Interlocal audit to tackle city fuel consumption first
Charlie Green said his office will start examining the city’s fuel consumption in two to three weeks, the first move of an internal audit of city functions that’s expected to take upwards of 400 hours to complete.
The Lee County Clerk of Courts expects the audit to be “fairly complicated”, citing a current audit being conducted by his office of Lee County functions for comparison.
The county and the city entered into an interlocal agreement for the audit, in which two county auditors are being provided to the city auditor’s office at $57 per hour.
Green said he wouldn’t allow the audit to become public unless its findings can be backed up with hard data.
“We’re going to turn out something you can stand on,” Green said. “We don’t let it go out the door unless we can back it up with detail.”
County auditors will likely go deeper into consultant Bill Towler’s examination of the city fuel consumption, in which he claims that city had doubled its fuel consumption over five years despite the reduction in fleet size, costing Cape Coral millions of dollars in the process.
City Spokeswoman Connie Barron indicated that Towler did not examine the the city’s fuel consumption from month-to-month over that five-year period, instead making his conclusions based on annual numbers.
Barron said Towler took a “global” view of the city’s fuel consumption during his study.

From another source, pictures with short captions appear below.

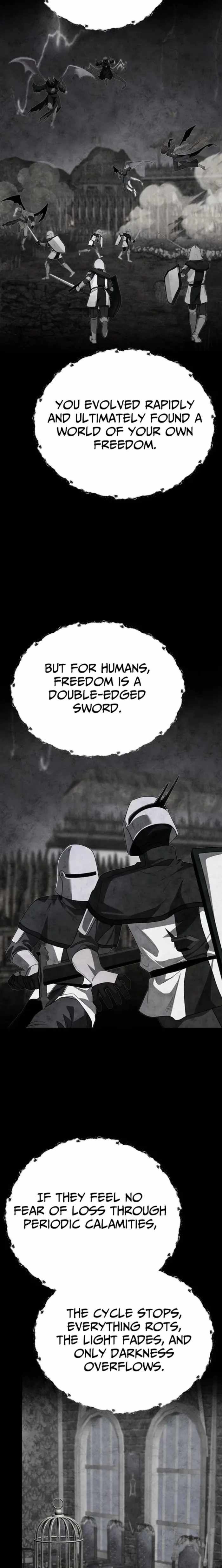 The Hero’s Younger Brother Is a Deceased Person in the Academy Chapter 131 - Page 4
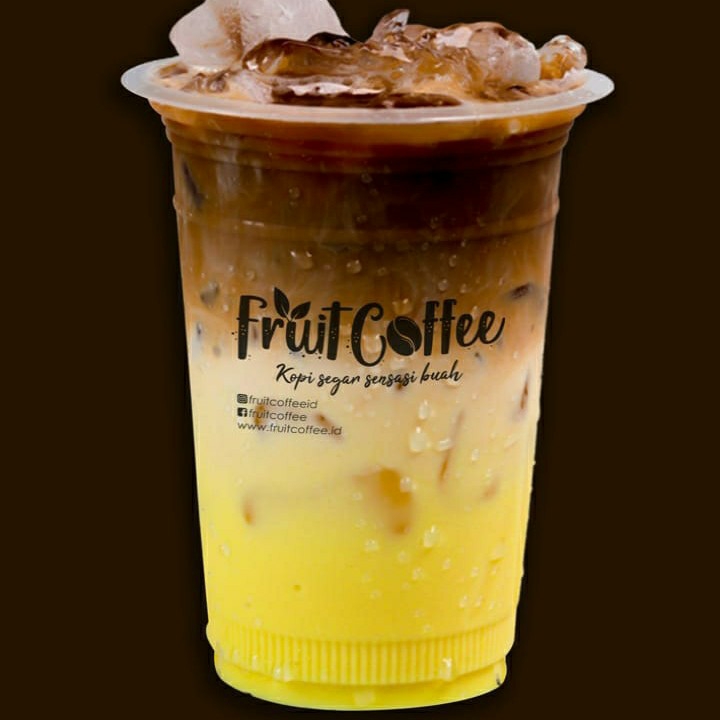 Durian coffe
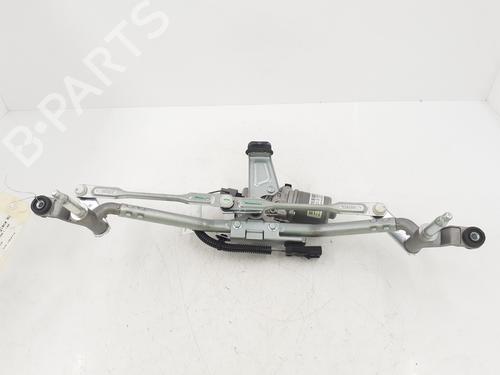 Used Front wiper motor RENAULT TRAFIC III Platform/Chassis (EG_) 2.0 dCi 145 (EGML) (145 hp) 31334511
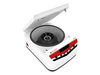 Centrífuga de mesa con rotor angular p/ 12 tubos de 15 ml. Marca Dauerhaft, modelo LD 1215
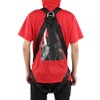 Climbing Harness Safety Belt Anti Fall Full Protection for Outdoor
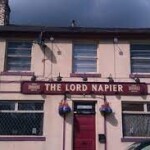 Lord Napier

“Bill Towler did not get a report for every month for every location because Fleet did not routinely generate monthly reports. He received reports for each fiscal year for each location as well as other documents/invoices,” Barron wrote via email on Jan. 12 in response to a Breeze query.
Councilmember Kevin McGrail said despite the recent departure of Public Works Director Chuck Pavlos, he still would like to have some response to the information in both the Bill Towler and Jim Martin reports.
McGrail still thinks the reports were more political than analytical.
“We got accusations, and the guy that’s out of a job didn’t get the chance to respond or say what happened,” McGrail said this week.
Unleaded and diesel gas consumption at the city hall fueling station hasn’t fluctuated much during the final three months of 2010.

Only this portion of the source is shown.